───── RECORDED INFORMATION ─────

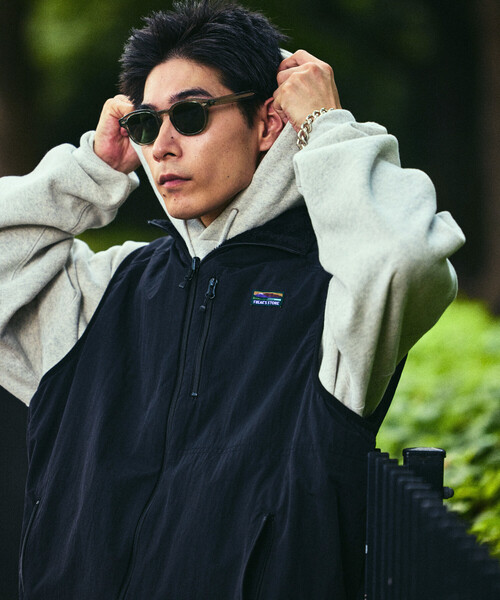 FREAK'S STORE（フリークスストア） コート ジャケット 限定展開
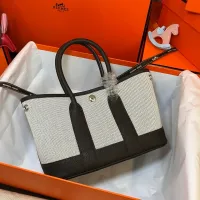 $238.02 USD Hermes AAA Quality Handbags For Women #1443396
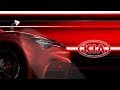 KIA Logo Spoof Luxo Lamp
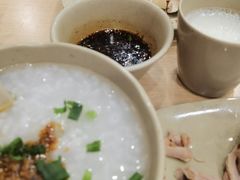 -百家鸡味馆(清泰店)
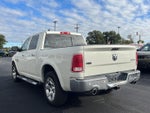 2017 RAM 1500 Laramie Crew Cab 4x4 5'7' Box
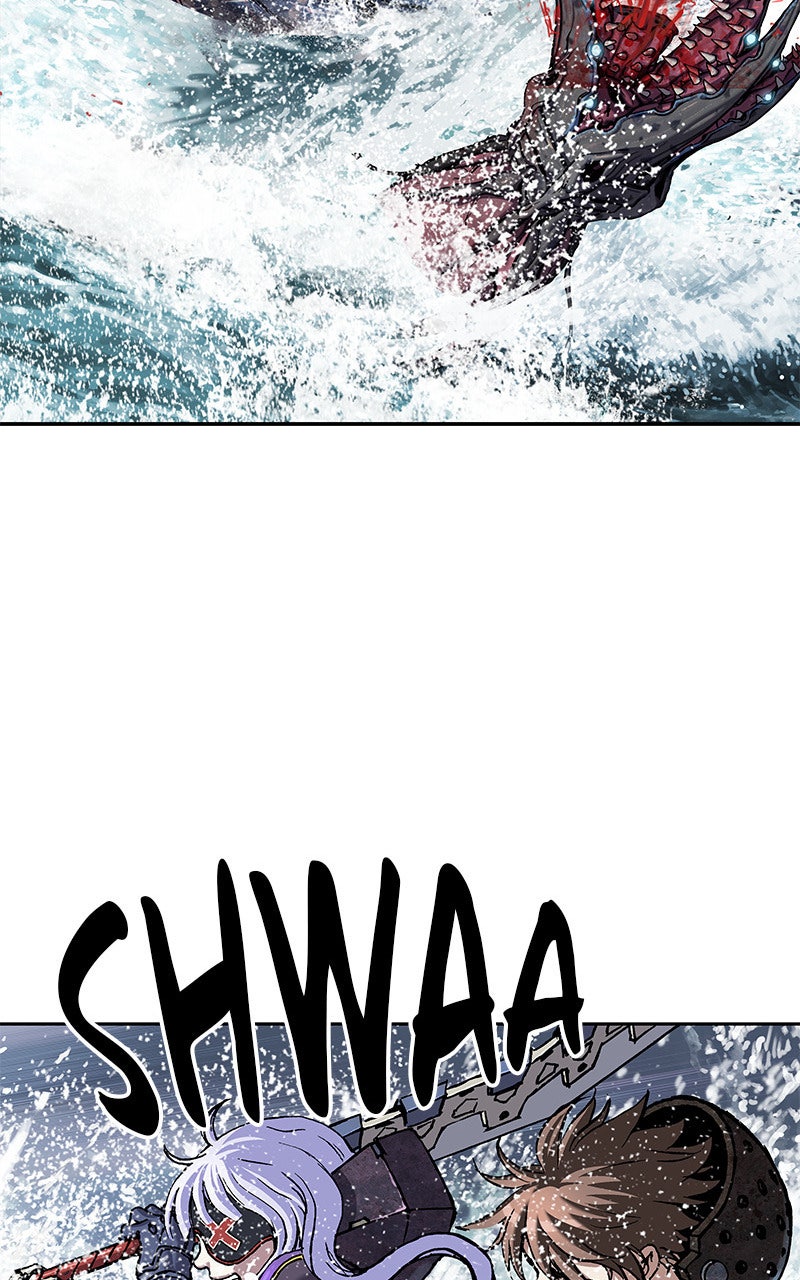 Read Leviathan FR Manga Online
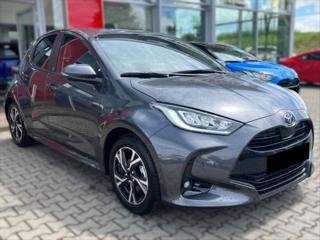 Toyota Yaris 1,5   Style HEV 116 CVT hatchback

─────

■ **PROBLEM DESCRIPTION**
Word for word, print every record, and leave out any picture.

■ **YOUR SOLUTION**
 FREAK'S STORE（フリークスストア） コート ジャケット 限定展開
 $238.02 USD Hermes AAA Quality Handbags For Women #1443396
 KIA Logo Spoof Luxo Lamp
 -百家鸡味馆(清泰店)
 2017 RAM 1500 Laramie Crew Cab 4x4 5'7' Box
 Read Leviathan FR Manga Online
 Toyota Yaris 1,5   Style HEV 116 CVT hatchback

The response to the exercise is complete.